### Exercise materials
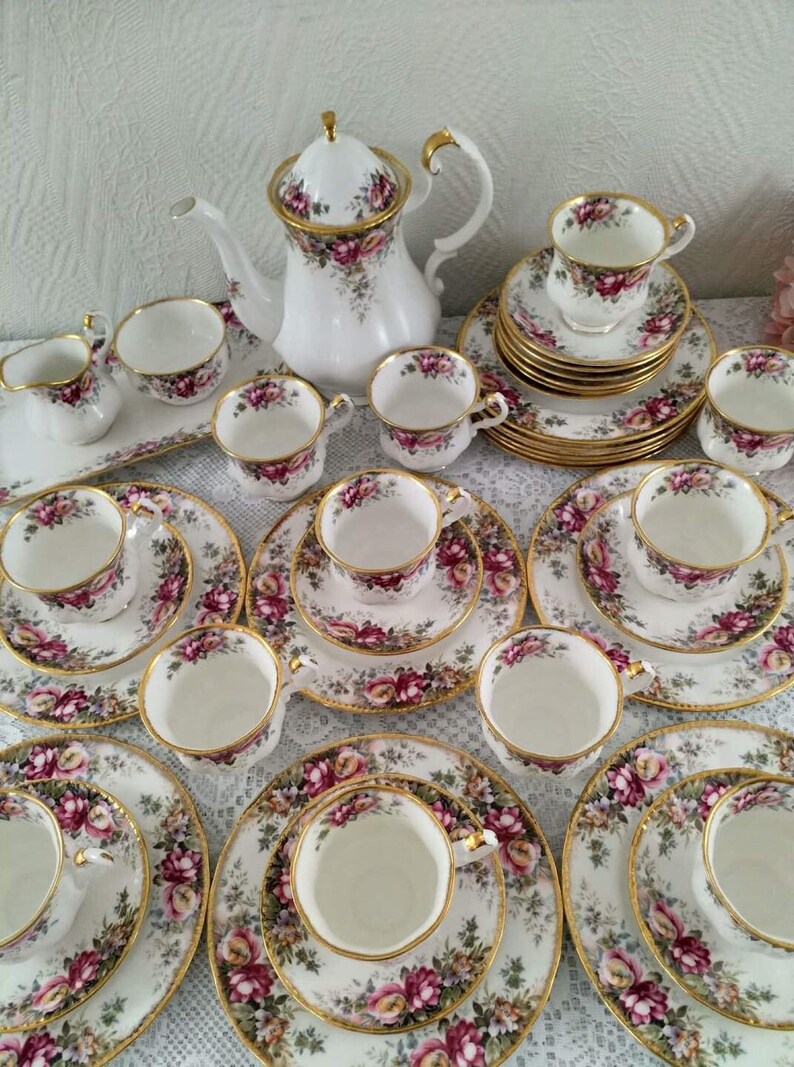 Queen Anne Summer Rose Fine Bone China England Tea set Etsy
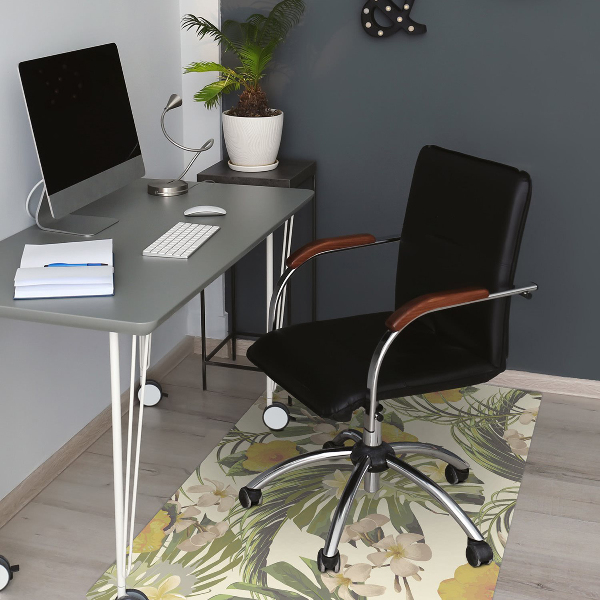 Tapis fauteuil bureau Feuilles tropicales et fleurs
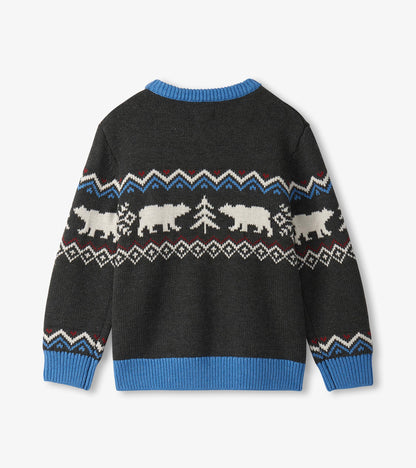 Boys' crew neck sweater in dark gray with bear and tree patterns, featuring blue ribbed cuffs and neckline.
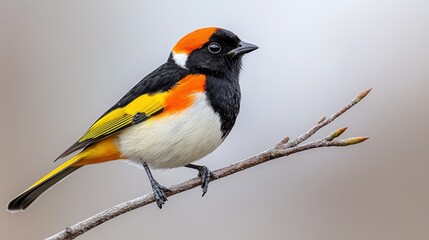 Fototapeta premium Colorful Bird Perched on Branch with Blurred Background Wildlife Photography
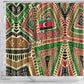 Darfur Sudan Shower Curtain Red Green Beige Tribal Pattern - African Pride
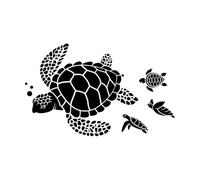 Sticker mural en vinyle pour décoration de plage, tortue de mer, animaux, océan, eau, salle de bain, 48 x 76,4 cm, imperméable, grand format, noir
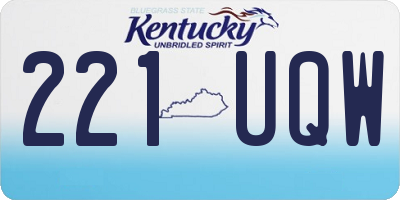 KY license plate 221UQW
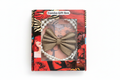 Gold glitter hair bow and pearl bracelet combo gift box on white background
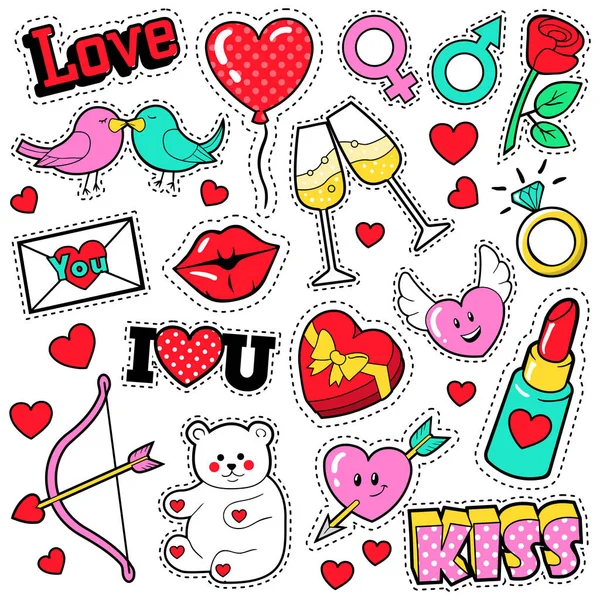 Fashion Love Badges Set with Patches, Stickers, Lips, Hearts, Kiss, Lipstick in Pop Art Comic Style. Vector illustration — Stock Vector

### Task details
Exactly the lines from the one that contains "Tapis fauteuil bureau" to the last line of the data, both included, should be set down, and no pictures should appear among them.

### Result of this task
 Tapis fauteuil bureau Feuilles tropicales et fleurs
 Boys' crew neck sweater in dark gray with bear and tree patterns, featuring blue ribbed cuffs and neckline.
 Fototapeta premium Colorful Bird Perched on Branch with Blurred Background Wildlife Photography
 Darfur Sudan Shower Curtain Red Green Beige Tribal Pattern - African Pride
 Sticker mural en vinyle pour décoration de plage, tortue de mer, animaux, océan, eau, salle de bain, 48 x 76,4 cm, imperméable, grand format, noir
 KY license plate 221UQW
 Gold glitter hair bow and pearl bracelet combo gift box on white background
 Fashion Love Badges Set with Patches, Stickers, Lips, Hearts, Kiss, Lipstick in Pop Art Comic Style. Vector illustration — Stock Vector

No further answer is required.